That is how the 76th Legislature began in Texas, with the governor flogging a tax break for oil-well owners while limiting a children's health insurance program that brings the state a three-to-one match in federal funds. The two bills illustrate Bush's dual welfare policies: expanding benefits for clients of the corporate welfare state while imposing harsh restrictions on people in need of help. They are also consistent with most of what Bush has set out to achieve since he was elected in 1994.
Bush's whole "compassionate conservative" narrative could have been utterly destroyed if Democrats had simply focused on this deeply telling event. But, of course, they did not.
The Growing "Socialism" Of American Voters
One of the biggest myths in American politics is that Ronald Reagan heralded a great sea-change in American attitudes. In fact, nothing could be further from the truth. Attitudes toward social spending tend to vary in a cyclical manner, and Ronald Reagan was elected when support had reached a low-point after declining throughout the 1970s. Almost from the moment he took office, support for social spending started trending up again. But even more significantly, there is a long-term trend that voters born in each succeeding decade are more supportive of social spending than those born in the decade before, and this did not change with the election of Ronald Reagan.

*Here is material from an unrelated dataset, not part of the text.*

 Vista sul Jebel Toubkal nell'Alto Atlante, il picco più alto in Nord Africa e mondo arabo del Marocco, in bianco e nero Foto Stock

Those who came of voting age while he was President were more supportive of social spending than voters of any previous decade, and those born while Reagan was president were even more supportive still.
This can be seen at a glance in this chart, based on a combined measure of support for social spending (including the environment) from the General Social Survey:
And in detail in this table:
|Combined Attitudes On 6 National Spending Items|
(Education, Environment, Health, Welfare, The Conditions Of Blacks, And Problems Of Big Cities)
By Decade of Birth
|Spending Attitudes|| 1880s|| 1890s|| 1900s|| 1910s|| 1920s|| 1930s|| 1940s|| 1950s|| 1960s|| 1970s|| 1980s||TOTAL|
| Too Little on 4 or more, Net||7.1||16.9||18.4||21.0||22.7||24.7||29.8||32.8||35.1||34.0||35.6||28.9|
| Too Little on 1-3, Net||50.0||38.6||36.0||40.4||42.4||42.0||44.9||47.1||48.7||49.8||50.7||45.0|
| About Right on All, Net||21.4||11.6||15.4||13.8||12.8||12.7||10.7||8.8||8.4||9.5||7.3||10.7|
| Too Much, Net||28.6||32.9||30.3||24.7||22.2||20.7||14.6||11.3||7.9||6.7||6.1||15.4|
As you can see, we don't have a large sample size for the early decades, but the overall pattern is consistent. These are truly astonishing figures. Voters who were born while Ronald Reagan was President were far more supportive of social spending than those who elected FDR in 1932. Almost a third of voters who were in their 20s during the Great Depression thought we were spending too much, on balance, on the 6 programs combined above when they were asked decades later by the GSS. But among voters who were in their 20s during Reagan's presidency, such opposition had dropped dramatically to one-fifth of what it had been--6.1 percent vs. 30.3 percent.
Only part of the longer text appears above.